• Task statement
Copy the lines running from the one that contains "Today I'm going to do" to the end of the entries below, exactly and with no pictures.

• Input data
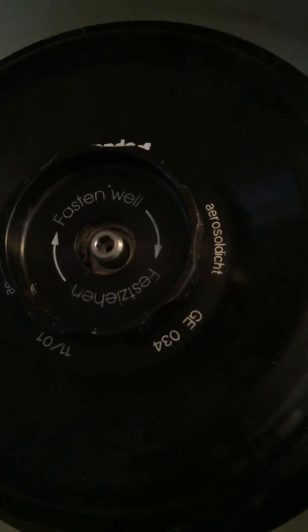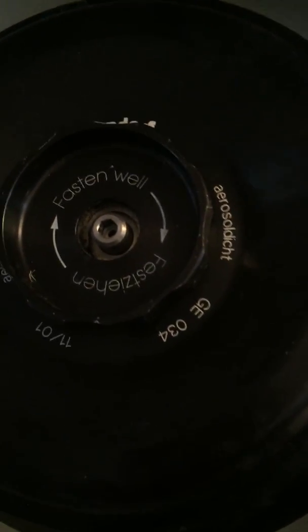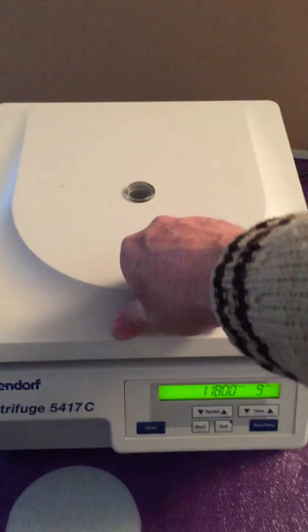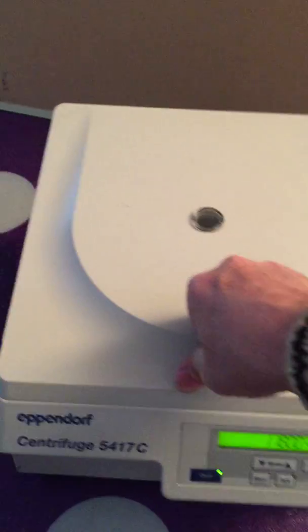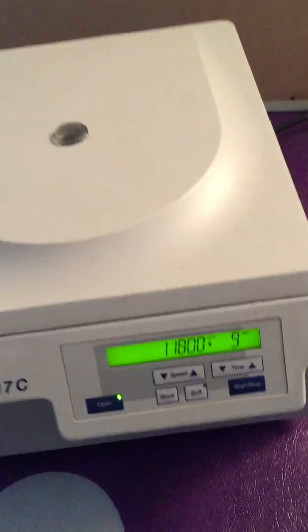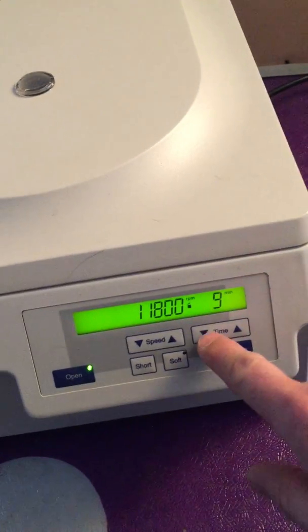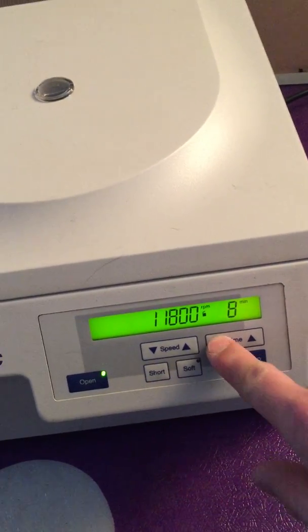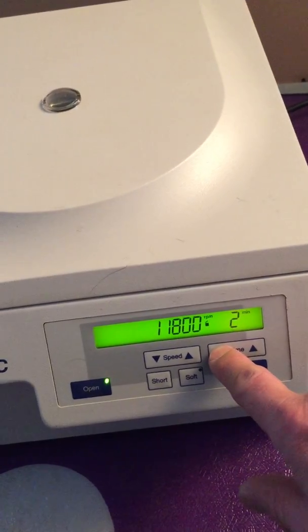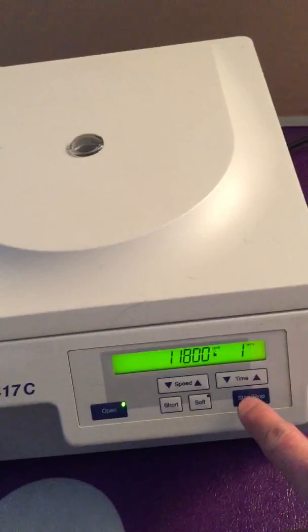It's got a G034 rotor. Let's close the lid now and then let's change the time. Let's go for a quick run.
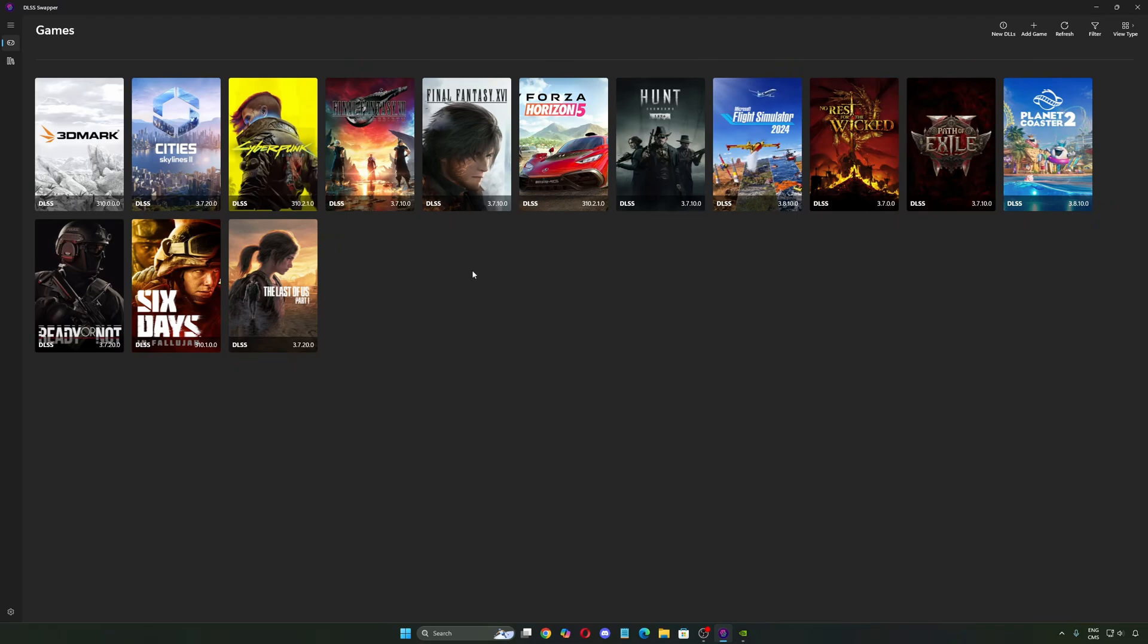Today I'm going to do another guide on DLSS Swapper. They did an update with the new version, I think it's the 1.1.5, and they pushed a lot of features. That's pretty cool.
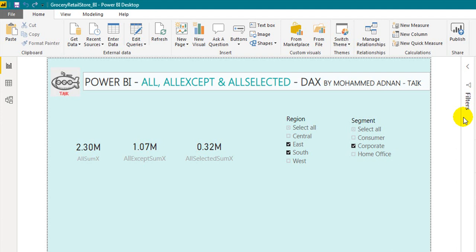Hello and welcome to Tech. I am Mahmoud Adnan. In this video, we are going to explore the features of the selection pane in Microsoft Power BI Desktop. So let's start it.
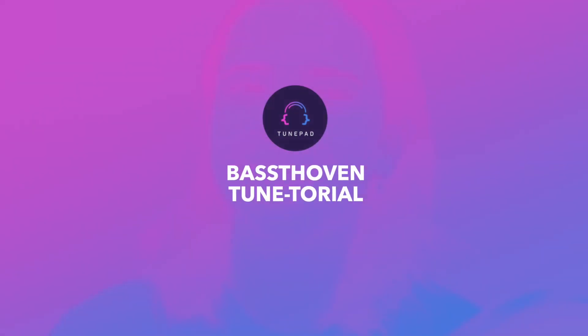Hi everyone, my name is Camilla. Welcome back to another Toontorial. Today I'm going to be showing you how to code a remix of Beethoven's Für Elise, so we can head over to ToonPad.com and get started.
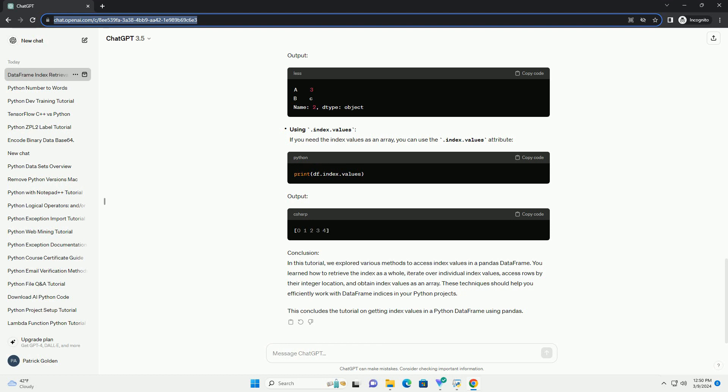In this tutorial, we explored various methods to access index values in a pandas data frame. You learned how to retrieve the index as a whole,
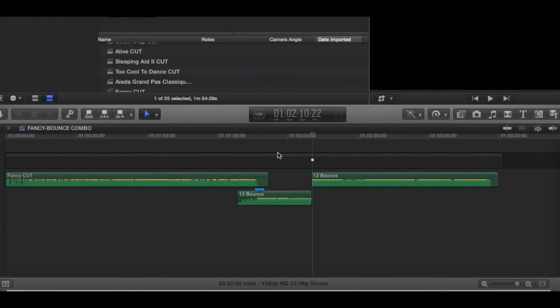So I had this idea that I was going to do a little tip of the day about connection points, because managing connection points is like a huge deal in Final Cut 10. It's really important.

• Response area
Today I'm going to do another guide on DLSS Swapper. They did an update with the new version, I think it's the 1.1.5, and they pushed a lot of features. That's pretty cool.
Hello and welcome to Tech. I am Mahmoud Adnan. In this video, we are going to explore the features of the selection pane in Microsoft Power BI Desktop. So let's start it.
Hi everyone, my name is Camilla. Welcome back to another Toontorial. Today I'm going to be showing you how to code a remix of Beethoven's Für Elise, so we can head over to ToonPad.com and get started.
In this tutorial, we explored various methods to access index values in a pandas data frame. You learned how to retrieve the index as a whole,
So I had this idea that I was going to do a little tip of the day about connection points, because managing connection points is like a huge deal in Final Cut 10. It's really important.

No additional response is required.